They believe they have more knowledge of how to execute in the mobile space
than amazon or other outside incumbents and so they think they can move faster
and better by shutting off the power alley's of the incumbents (web) by
driving the warzone to mobile.

It's a strategy... and just a hypothesis as to some of their thinking... but
maybe? :-)

------
npalli
There was a very good blog post about why shutting down the website makes a
lot of sense in India (and many parts of the world).

[http://www.eugenewei.com/blog/2015/4/6/tech-
miscellany](http://www.eugenewei.com/blog/2015/4/6/tech-miscellany)

------
sosuke
I imagine they will still have a website, just not one that has the
functionality. It makes perfect sense, if a particular interface is only
driving single digit usage you drop it. No need to waste dollars updating
something no one uses.

------
heroic
To be precise, 85-90% of their customers are now coming through mobile app.
Going forward, it doesn't make sense for them to support so many platforms.
People using their website are now a minority. Keeping the website operational
is just too much effort in the long run for them.

You can compare this with, how many developers worry about Blackberry when
they launch? Hardly any! The reasoning is simple: it's a platform whose usage
is sinking(was?).

------
rathish_g
Note: They are not closing the flipkart online portal, but they are closing
the myntra website which they acquired an year ago. And in the press release
they must have mentioned that they are moving completely to mobile version.

They bought myntra because of tough competition and have to close it anyway.
They are doing an experiment by keeping the mobile version.

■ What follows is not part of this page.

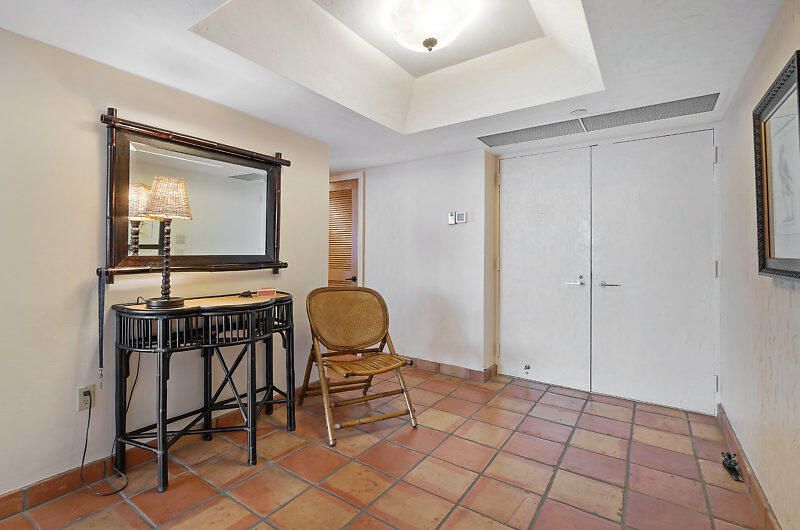 Active With Contract: $7,250 (2 beds, 2 baths, 1804 Square Feet)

Slow death for Myntra! PR for Flipkart mobile app!

------
thewhitetulip
I think they are making a mistake, there is a reason why the internet was
created, and forcefully migrating all users to the mobile app is wrong, it
defeats the purpose of having a website which anyone can handle, the news
might be that flipkart is shutting down its mobile website, shutting down the
main website is like shooting yourself with a pistol :D

------
binoyxj
While they're at it, there's this new wave of services with no interface. They
believe in the mantra "The Best Interface is No Interface" eg: Operator, Magic
etc. Interesting times!

------
nutanc
I hope google penalizes such kind of behavior in their search results

------
zuron7
I think there is a mistake with this article. They were and already have shut
down their mobile website. There is no official statement the they are going
to shut down their website.

------
Aardwolf
Can this be ran in an emulator on a PC?

------
M8
As an upside they get a real choice of programming languages (unlike "Open"
Web).

------
enupten
ಗೂಬೆಗಳು!